Get Your Football Fix While You Still Can
The National Football League Players Association (NFLPA) is using the kickoff of the season to publicize an important warning to fans everywhere: There may be no kickoffs of any kind next year. On September 8, 2010, NFLPA Executive Director DeMaruice Smith reinforced his belief that, due to the lack of progress made in negotiations so far, “a lockout is still coming in March.” Smith’s statement is a part of a larger campaign by the Players Association to drum up support for their cause. On September 9, the players released a “Kickoff Message From All NFL Players to Our Fans” on the Players Association website emphasizing their intent to “STAND AS ONE” throughout the lockout negotiations and fight for “the Players who came before [them].”

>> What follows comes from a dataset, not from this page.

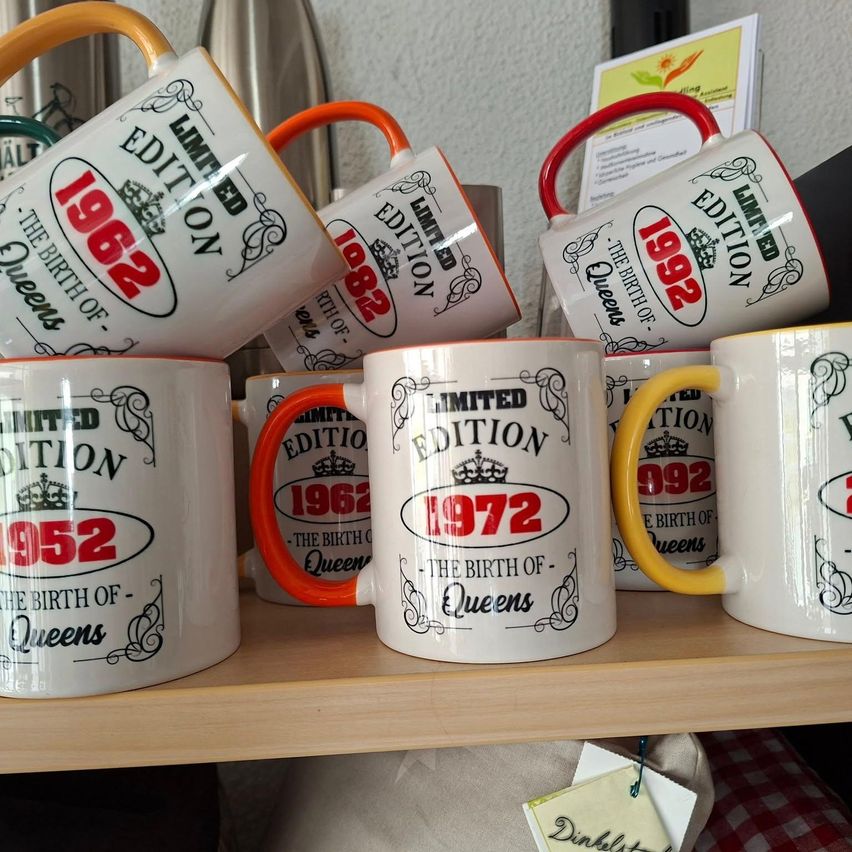 Ein Holzregal hält mehrere weiße Kaffeebecher mit roten und gelben Henkeln. Die Tassen haben die Aufschrift 'Limited Edition' und die Jahre 1952, 1962 und 1972.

But despite the chest-pounding by the NFLPA, labor law and sports law specialists agree that a lockout is extremely unlikely. Earlier this year David Cornwell Sr., President of the sports law firm DNK Cornwell explained that work stoppages in professional sports do not benefit either side. To the contrary, the players take a huge hit in lost income, while the owners damage the integrity of the game and needlessly provoke their fan bases.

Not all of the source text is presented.